Suppose that $M_i$ is projective. If $R$ is local, then every projective module is free. Hence $M_i'$ is a direct summand of a free module, thus projective. Hence, if $M$ has finite projective dimension equal to $n$, then given any projective resolution, we can read the projective dimension as the least index $i$ such that $M_i$ is projective.

Now suppose that $R$ is not local and $M$ has projective dimension equal to $n$. Let $(P_{\bullet},d)$ be a projective resolution of $M$. Then $\operatorname{ker} d_{n-1}$ is a direct summand of a projective module. But a direct summand of a projective module need not be projective.

However, if an $R$-module $M$ is of finite presentation, then it is projective if and only if $M_p$ is $R_p$-free for every prime ideal $p$ of $R$ (e.g. Theorem 7.12, Matsumura, CRT).

Hence, if $M$ is a finite $R$-module of projective dimension $n$, and $P_{\bullet}$ any projective resolution, where the modules $P_i$ are finitely-generated, then the $n$-th syzygy $K_n$ of this resolution will be a direct summand of a projective module.
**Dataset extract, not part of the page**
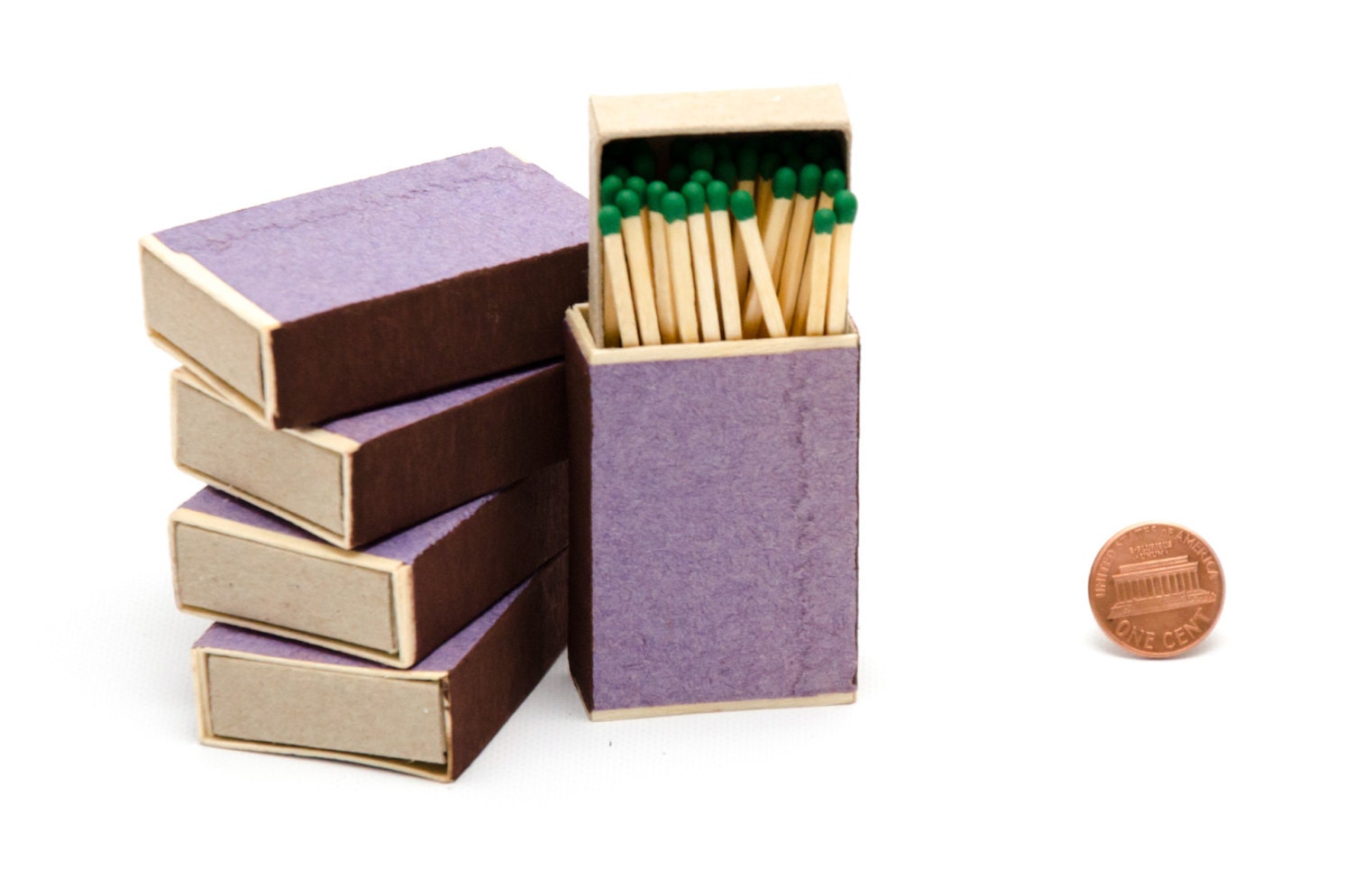 Five matchboxes wooden matches with emerald green heads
By localizing at $p \in \operatorname{Spec} R$ we get that $(K_n)_p$ is free and so Theorem 7.12 of Matsumura applies giving that $K_n$ is projective.

I seem to have proved that: the projective dimension of a finite module $M$ can be read from any projective resolution, where the appearing projective modules are finite, as the smallest $i$ such that the $i$-th syzygy is projective.

Question 1: Are my arguments above correct?

Question 2: can the projective dimension of any module over a commutative ring be read from any projective resolution?

Remark: The motivation for question 2 is the definition of projective dimension by Bruns and Herzog, CMR, page 16, which also suggests that the answer to question 2 is affirmative.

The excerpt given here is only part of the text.